Como é o dia do julgamento? Depois de sorteados os sete jurados, eles ouvem as testemunhas e têm acesso às provas do processo. Parece rápido, mas pode levar um bom tempo. Depois de assistir ao debate entre as duas partes e ouvir o acusado, quando decide se manifestar, os jurados são levados para uma sala secreta. Ali, o juiz apresenta quesitos sobre o caso e eles respondem sim ou não em cédulas que são depositadas em uma urna, sendo a pergunta "o jurado absolve o acusado?" obrigatória. Os votos são contados e a decisão de condenação ou absolvição é anunciada no tribunal. Mas quem determina a pena é o juiz, já que é preciso ter conhecimento sobre o código penal. A decisão do tribunal do júri é soberana, mas há a possibilidade de revisão e o réu pode ser levado a um novo júri, se o crime ainda não tiver sido prescrito.
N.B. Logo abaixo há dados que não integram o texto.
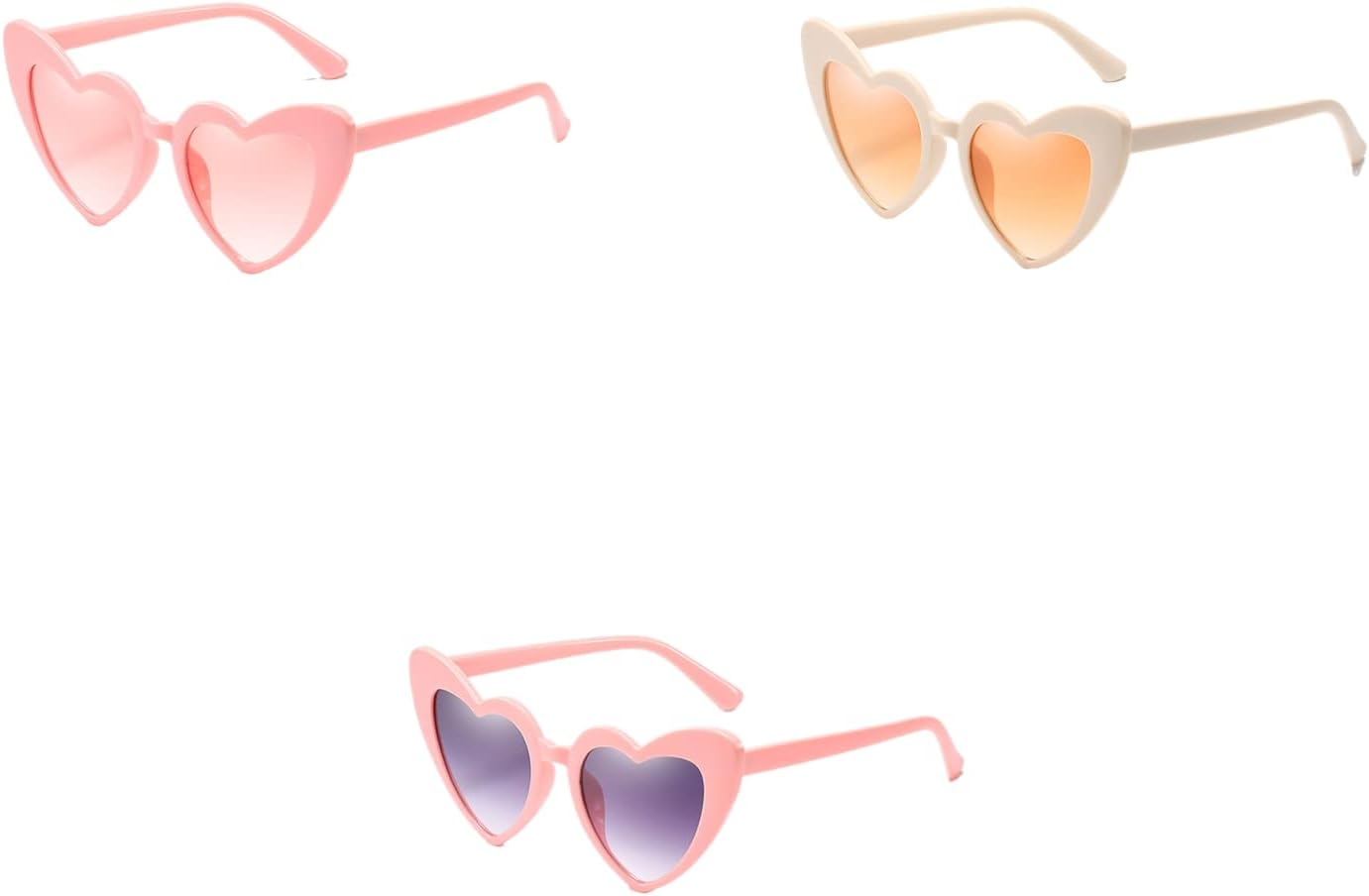 

Солнцезащитные очки в форме сердца для женщин, разноцветные очки в форме сердца для детей/девочек/подростков/вечеринок/хип-хопа ooibnn, Pink Set-3pairs (Expensive in Shipping)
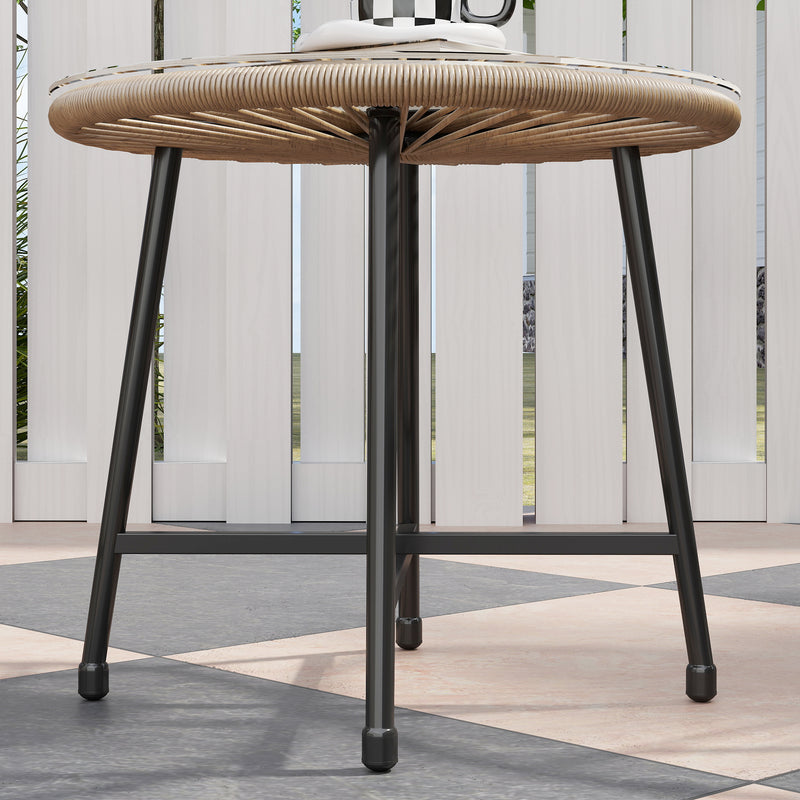 3 Piece Rattan Bistro Set with Acapulco Chairs and Glass Table for Garden Patio Balcony by Outsunny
E como é ser jurado? Como tudo na vida, vai do gosto. Fernando Souza, 31, é analista de sistemas em São Paulo e já participou como jurado três vezes, em 2011, 2014 e 2016. "Recebi um telegrama em casa", conta. "Você entra, o juiz explica o caso e enquanto você ouve a defesa, a acusação e o réu, não pode ter reação nenhuma, tem de ficar quieto, com cara de paisagem", brinca. Os três casos de que Souza participou foram homicídios. "Quando acaba, a gente é chamado para uma sala, com o juiz. Ele faz um resumo do caso, entrega cartões de sim ou não e conta os votos. Dependendo da decisão, ele dá a sentença", diz. "Me senti meio desconfortável nessa posição. Você não escolhe estar ali e tem essa responsabilidade. Mesmo que a pessoa seja culpada, você não sabe quem ela é. Essa decisão tem um peso." O estatístico Pedro Bello, 62, do Rio, participou de dois julgamentos como júri. "É uma experiência", afirma. "Achei interessante, mas não sei se gostaria de participar mais vezes, é muito cansativo. E eles passam tudo para os jurados, todas as provas: vídeos, fotos de cadáver, é muito triste." Para ele, é uma forma que pode ser justa, já que conta com várias opiniões. "Um juiz sozinho pode cometer alguma injustiça. Se a decisão passa por mais pessoas, há chance de ela ser mais justa."